10 Comics to Fill the Game of Thrones-Shaped Void in Your Life
Main Art by Esad Ribic/ Sana Takeda/ Jerome Opeña & Matt Hollingsworth
Whether you found last night’s Game of Thrones series finale to be a well-earned payoff to nearly a decade of dedicated viewing or you feel like your time was wasted harder than King’s Landing after a Drogon visit, any regular viewer of HBO’s A Song of Fire and Ice adaptation suddenly has a GoT-shaped void in their weekly media consumption. HBO is racing to fill it with upcoming spins on Watchmen and His Dark Materials, sure, but we have a different suggestion: why not pick up a comic book instead? The 10 comics below all share key themes or approaches with George R.R. Martin’s tale of Starks, Lannisters and Targaryens, and all of them are waiting for you right now at your local comic shop, book store or preferred digital retailer. Just promise us you won’t lay waste to entire cities if you don’t end up liking our suggestions.
Coda
Writer: Simon Spurrier
Artist: Matías Bergara
Publisher: BOOM! Studios
Simon Spurrier has an established track record with the strange and unusual, from The Spire to Cry Havoc to The Dreaming, the crown jewel of DC Comics’ Sandman Universe. In the pages of BOOM! Studios series Coda, Spurrier teams with Cannibal artist Matías Bergara for another strange adventure, this time a high-fantasy tale of the post-magic apocalypse—a glorious world of elves, bards and dragons laid to waste by a bizarre catastrophe. Spurrier and Bergara deliver a surreal mix of strange faces and places that blends the over-the-top fantasy aesthetics of Dungeons & Dragons with the ecological wastelands of Mad Max, complete with Spurrier’s unmistakable flair for clever dialogue and a surly hero whose intentions are often just as bad as his attitude. Bergara in particular does stunning color work; the world of Coda feels warm and vibrant and weirdly inviting despite the circumstances, and remains engaging even in its gruesome moments. If you liked GoT’s occasional overtures at dark humor, Coda may be the fantasy pick for you.
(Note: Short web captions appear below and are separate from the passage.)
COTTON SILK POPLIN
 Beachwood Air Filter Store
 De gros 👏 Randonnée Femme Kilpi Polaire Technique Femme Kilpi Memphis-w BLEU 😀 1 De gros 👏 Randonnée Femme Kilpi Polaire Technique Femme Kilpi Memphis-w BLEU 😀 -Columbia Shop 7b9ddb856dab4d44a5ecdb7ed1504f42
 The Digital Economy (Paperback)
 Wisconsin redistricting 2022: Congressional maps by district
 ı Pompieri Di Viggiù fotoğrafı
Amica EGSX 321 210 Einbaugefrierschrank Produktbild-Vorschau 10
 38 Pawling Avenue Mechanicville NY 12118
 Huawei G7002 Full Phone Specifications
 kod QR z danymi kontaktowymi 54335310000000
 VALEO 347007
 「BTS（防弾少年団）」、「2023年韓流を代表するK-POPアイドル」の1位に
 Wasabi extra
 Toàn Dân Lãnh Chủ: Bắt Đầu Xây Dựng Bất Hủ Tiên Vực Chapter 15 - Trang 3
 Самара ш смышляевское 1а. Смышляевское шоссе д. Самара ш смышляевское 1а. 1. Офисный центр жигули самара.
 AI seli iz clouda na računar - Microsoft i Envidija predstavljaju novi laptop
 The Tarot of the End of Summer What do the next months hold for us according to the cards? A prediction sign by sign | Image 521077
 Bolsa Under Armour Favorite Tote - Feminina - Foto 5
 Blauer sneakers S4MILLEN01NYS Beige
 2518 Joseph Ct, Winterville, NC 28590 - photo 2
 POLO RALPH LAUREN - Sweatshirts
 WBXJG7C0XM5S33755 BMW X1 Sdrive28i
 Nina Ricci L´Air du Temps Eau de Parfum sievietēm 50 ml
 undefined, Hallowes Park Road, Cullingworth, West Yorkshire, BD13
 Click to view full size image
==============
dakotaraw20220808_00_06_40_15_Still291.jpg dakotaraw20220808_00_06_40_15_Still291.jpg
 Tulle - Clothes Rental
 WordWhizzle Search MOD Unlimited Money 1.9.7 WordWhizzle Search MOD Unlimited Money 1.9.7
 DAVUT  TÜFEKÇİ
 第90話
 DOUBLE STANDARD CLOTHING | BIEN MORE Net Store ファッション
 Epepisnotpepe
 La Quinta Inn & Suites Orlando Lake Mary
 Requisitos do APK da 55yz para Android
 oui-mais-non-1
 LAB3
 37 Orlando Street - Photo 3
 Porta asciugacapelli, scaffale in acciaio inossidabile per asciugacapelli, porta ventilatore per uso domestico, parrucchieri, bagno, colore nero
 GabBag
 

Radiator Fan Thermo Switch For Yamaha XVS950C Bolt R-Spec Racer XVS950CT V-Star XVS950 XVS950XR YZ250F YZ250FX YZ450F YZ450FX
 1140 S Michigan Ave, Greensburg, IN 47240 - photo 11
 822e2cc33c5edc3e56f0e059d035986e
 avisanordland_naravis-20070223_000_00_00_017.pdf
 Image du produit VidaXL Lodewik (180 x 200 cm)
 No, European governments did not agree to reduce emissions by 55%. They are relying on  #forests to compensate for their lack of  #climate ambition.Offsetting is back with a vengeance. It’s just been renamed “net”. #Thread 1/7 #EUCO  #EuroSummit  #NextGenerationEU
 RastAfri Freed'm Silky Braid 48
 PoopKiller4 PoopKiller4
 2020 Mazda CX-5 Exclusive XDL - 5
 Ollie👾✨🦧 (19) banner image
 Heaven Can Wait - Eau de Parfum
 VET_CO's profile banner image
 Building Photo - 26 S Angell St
C.K. Stewart & Steve Foxe
Conan the Barbarian
Writer: Jason Aaron
Artists: Mahmud Asrar & Gerardo Zaffino
Publisher: Marvel Comics
Robert E. Howard’s Cimmerian warrior has persisted far beyond most of his pulp peers, with a storied Marvel Comics run decades ago and a full 15 years of adventures at Dark Horse Comics, and now some of Marvel’s biggest creators are starting the saga all over again, just in time for aimless Game of Thrones fans to jump over. It’s impressive that Jason Aaron even has barbarian stories left to tell, after an era-defining run on Thor and an all-too-brief sojourn to The Goddamned, but Conan feels like Aaron unchained, lifted up by stellar work from regular artist Mahmud Asrar (one of the few interior artists who could stand up against the sheer awe of Esad Ribic’s painted covers) and guest artist Gerardo Zaffino. The core Conan title is a series of standalone outings linked by an evil plot and prophecy, and while it lacks the expansive cast of GoT, it has a similarly lived-in, brutal fantasy world, where danger and death lurk around every corner. Marvel also has Savage Sword of Conan and Age of Conan: Bêlit, Queen Of The Black Coast filling out shelves, if one taste isn’t enough for you.
Eternal
Writer: Ryan K. Lindsay
Artist: Eric Zawadzki
Publisher: Black Mask Studios
Eternal is a special book. Written by Beautiful Canvas co-creator Ryan K. Lindsay, drawn and lettered by The Dregs breakthrough artist Eric Zawadzki and colored by Rednecks colorist Dee Cunniffe, Eternal tells the story of an isolated band of shieldmaidens who refuse to cede their land to invading men, and of their leader who will stop at nothing to preserve her way of life—or avenge it. If you think you’ve read this Viking story before, you haven’t—or at least not executed on the level at which Zawadzki and crew operate. Eternal was publisher Black Mask Studios’ first entry into the original graphic novel format, with a page count that allows Lindsay, Zawadzki and Cunniffe to orchestrate a symphony of snowy violence and Viking vengeance that demands its oversized space on your shelf. If you’re looking for a done-in-one reading commitment, Eternal should be your first pick. And if you desperately need more Vikings after this, consider Vertigo’s much longer Northlanders.